Op 2 mei 2018 heeft de Afdeling bestuursrechtspraak van de Raad van State een tussenuitspraak gedaan in een geschil tussen een appellant, wonend te Oegstgeest, en de raad van de gemeente Oegstgeest. Het geschil betreft het bestemmingsplan 'Poelgeest', dat op 20 april 2017 door de raad is vastgesteld. De appellant heeft beroep ingesteld tegen dit besluit, omdat hij vreest dat de aanleg van een brug over de sloot aan het einde van de Hugo de Vrieslaan negatieve gevolgen zal hebben voor de verkeersstromen, luchtkwaliteit, geluidniveau en veiligheid. De Afdeling heeft de zaak op 5 maart 2018 ter zitting behandeld, waarbij de appellant en de raad vertegenwoordigd door advocaten aanwezig waren.
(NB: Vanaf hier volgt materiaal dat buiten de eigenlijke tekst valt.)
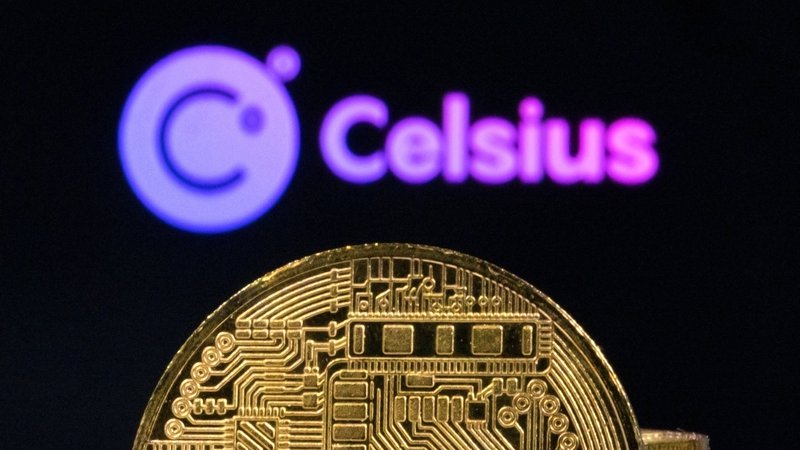 Fotografija: Celsius je podjetje, ki hrani in upravlja kriptovalute v imenu vlagateljev. Tem obljubljajo fiksno obrestno mero, nato pa denar uporabijo za investicije, s katerimi dosežejo višji donos od obljubljene obrestne mere vlagateljem. FOTO: Dado Ruvic Reuters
De Afdeling heeft in haar overwegingen vastgesteld dat de raad bij de vaststelling van het bestemmingsplan niet voldoende onderzoek heeft gedaan naar de gevolgen van de aanleg van de brug. De Afdeling concludeert dat het besluit van de raad in strijd is met artikel 3:2 van de Algemene wet bestuursrecht, omdat de bestemming 'Verkeer' voor de sloot aan het einde van de Hugo de Vrieslaan niet met de vereiste zorgvuldigheid is voorbereid. De Afdeling draagt de raad op om binnen 16 weken na verzending van de uitspraak de gevolgen voor de luchtkwaliteit, geluidniveau, hinder door inschijnende koplampen en verkeersafwikkeling inzichtelijk te maken en de aanvaardbaarheid daarvan te beoordelen. De uitspraak benadrukt het belang van zorgvuldigheid bij de voorbereiding van bestemmingsplannen en de noodzaak om de gevolgen van dergelijke plannen goed in kaart te brengen.

Uitspraak

201705424/1/R3.
Datum uitspraak: 2 mei 2018
AFDELING
BESTUURSRECHTSPRAAK
Tussenuitspraak met toepassing van artikel 8:51d van de Algemene wet bestuursrecht (hierna: de Awb) in het geding tussen:
[appellant], wonend te Oegstgeest,
en
de raad van de gemeente Oegstgeest,
verweerder.
Procesverloop
Bij besluit van 20 april 2017 heeft de raad het bestemmingsplan "Poelgeest" vastgesteld.
Tegen dit besluit heeft [appellant] beroep ingesteld.
De raad heeft een verweerschrift ingediend.
[appellant] heeft nadere stukken ingediend.
De Afdeling heeft de zaak ter zitting behandeld op 5 maart 2018, waar [appellant] en de raad, vertegenwoordigd door mr. R. Lever, advocaat te Leiden, en mr. K.V.L. Troost, zijn verschenen.
Overwegingen
1.    Ingevolge artikel 8:51d van de Awb, voor zover hier van belang, kan de Afdeling het bestuursorgaan opdragen een gebrek in het bestreden besluit te herstellen of te laten herstellen.
Inleiding
2.    Het plan is opgesteld om te voldoen aan de actualiseringplicht op grond van de Wet ruimtelijke ordening. Met het oog op de inwerkingtreding van de Omgevingswet voorziet het plan tevens in een samenvoeging van een aantal bestemmingsplannen. Het bestemmingsplan voorziet daarom in een actuele juridisch-planologische regeling voor Poelgeest, Oud Poelgeest en Overveerpolder. Het betreft een in hoofdzaak consoliderend plan.
[appellant] keert zich ertegen dat het bestemmingsplan bij recht de aanleg van een brug over de sloot aan het einde van de Hugo de Vrieslaan mogelijk maakt. Hij vreest dat de Hugo de Vrieslaan zal worden aangesloten op een nog aan te leggen andere brug over de Haarlemmertrekvaart. Om de aanleg van die brug over de Haarlemmertrekvaart mogelijk te maken, is zowel door de raad van de gemeente Leiden, op 30 november 2017, als door de raad van de gemeente Oegstgeest, op 23 november 2017, een bestemmingplan "Brug Poelgeest 2017" vastgesteld.
Het beroep van [appellant]
3.    [appellant] heeft ter zitting de beroepsgrond ingetrokken dat de mogelijkheid om aan het einde van de Hugo de Vrieslaan een brug aan te leggen in strijd is met eerdere toezeggingen.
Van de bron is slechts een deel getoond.